Flash, Silverlight, Objective C, HTML5. There is a crisis and a factions are forming – who’s going to win the ubiquity prize? If you are a Flash developer, are you a silverlight developer? what skills are common, what will go ‘extinct’ if you switch, or if HTML5 comes along and finishes off both delivery mechanisms?
It’s pretty damn confusing when you have to bet your skillset on the matter.
Speaking to a technical lead from Magmic at the Game Day conference this weekend, they see the sharp end of this problem every day – and take it in stride – mobile platforms reintroducing the browser/plugin/standards war and add into the mix issues with screen size, screen resolution, and processing power, as well as territoriality (i.e. no Flash on certain platforms). Their solution is on the industrial side – they learn to analyze, port, cross compile, refactor as needed, and automate as much of that process as possible.
I think more and more development tools will allow this as well. Flash IDE has had the FlashLite emulators for some time, and various versions of Flash could be considered different compilation targets. It was not a big stretch to see them implementing the iPhone target, and most likely they will have to continue this trend to stay relevant as a platform and an IDE.
The Flash Player was and is the promise of a good middleware layer that hid the hardware/OS/Browser incompatibilities from the developer, but now it is looking like the IDE will have to do this at compile time as well.
This is primarily due to Apple – not just their refusal to allow Flash in mobile Safari, but because of the success of the App Store model. In the mobile space, Flash and similar rich media players could really shine, but it is true that locating them within browser chrome in an already cramped screen does not do the platform or the developer justice. Adobe is already aware of this, and Air was the answer to a desktop ‘App’.

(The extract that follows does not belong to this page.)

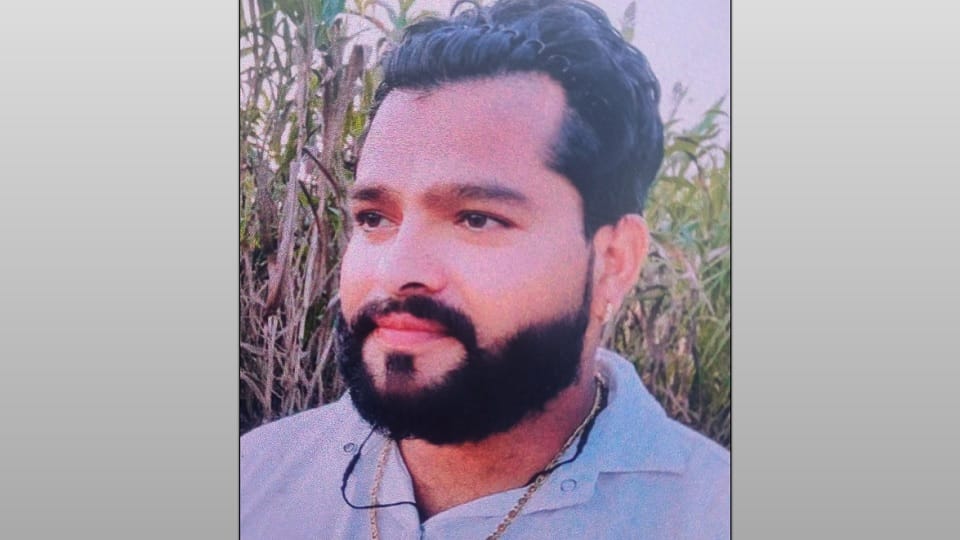 Baghpat: Bike caught fire after hitting crane, two youth died... National Highway echoed with screams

HTML5? It may just become another Compile target for Flash Platform IDE and Expression Studio and Eclipse. Microsoft had the right idea with Visual Studio and .net – write in your favorite language. The other end of this equation is: compile to your favorite target.
Put these two together and make it transparent to the developer and everyone benefits.
Interesting Article at Anthony Franco’s Blog on the pace of change in this space, and singles out Unity3D for taking the most pragmatic approach and showing what is possible – most likely since they have nothing to lose on hardware, app stores, or prior install base – and everything to gain.
We’re in a fragmentation cycle and as developers we have to rely on software architecture and UX skills more than ever, with the platform-dependent issues making these step even more critical to a successful outcome. What hurts everyone is closing a platform with legal means – it does no credit to your platform to refuse talented people from taking advantage of it without committing to your proprietary development tool chain and language; the time for that is never again, thanks!